Le texte de cette page a été corrigé et est conforme au fac-similé.

L’inconvénient des machines de ce genre, lorsqu’elles ont été montées et qu’elles ont fonctionné depuis longtemps, est qu’elles continuent de se mouvoir par habitude, après avoir perdu leur ancien moteur et régulateur. On voit alors des choses qui ne sont peut-être pas plus étranges que celles de la veille ; mais on les voit, ce qui est déjà une différence. Et si elles ne sont pas plus étranges, elles sont plus décousues et plus folles, livrées au hasard et marchant à la débandade.

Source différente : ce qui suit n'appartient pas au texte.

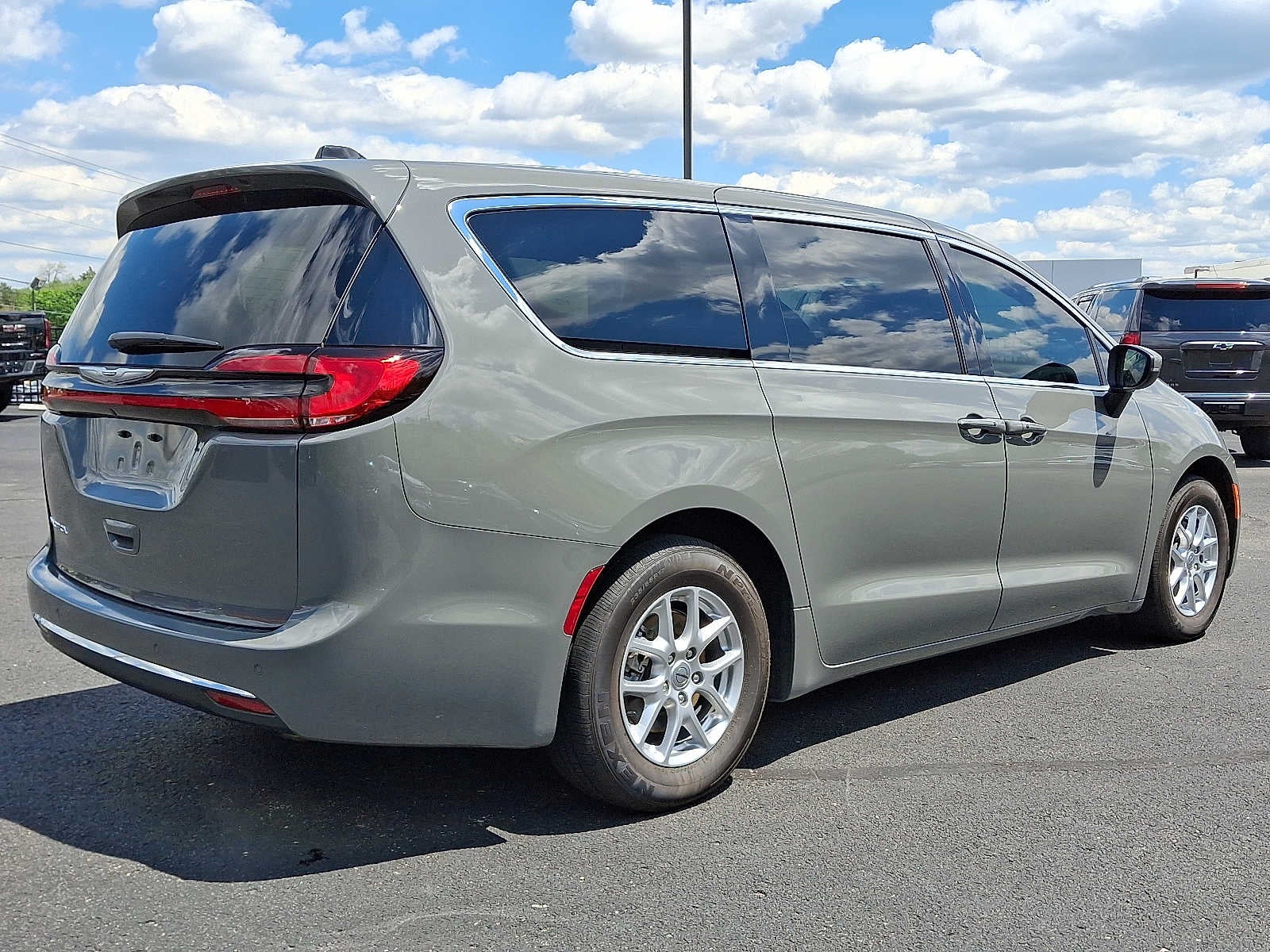 2023 Chrysler Pacifica Touring L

Une institution mauvaise en elle-même ne se manifeste plus que par ses pires côtés. C’est ce qui est arrivé à la police politique à Berlin. Le procès d’hier est le sien. Un tel procès ne pouvait pas manquer d’être intéressant en lui-même ; il l’est devenu encore davantage par l’intervention d’hommes politiques de la plus haute volée, du prince Hohenlohe, du baron de Marschall, du comte d’Eulenbourg, c’est-à-dire du chancelier de l’Empire, du secrétaire d’État aux affaires étrangères, de l’ambassadeur d’Allemagne à Vienne. A côté de ces grands personnages se trouvaient des policiers, dont l’un, le commissaire de Tausch, n’était pas le premier venu, puisqu’il n’était rien moins que le chef de la police politique ; — les autres, simples comparses. On se croirait en plein mélodrame des boulevards. Comment des hommes aussi différens se sont-ils trouvés englobés dans la même affaire ? Il est, encore aujourd’hui, presque difficile de l’expliquer clairement. Certains points de l’affaire sont dès maintenant très lumineux ; mais d’autres sont restés obscurs : entre ceux-ci et ceux-là, il y a des lacunes et, pour employer un mot vulgaire, des trous qui ne sont pas comblés.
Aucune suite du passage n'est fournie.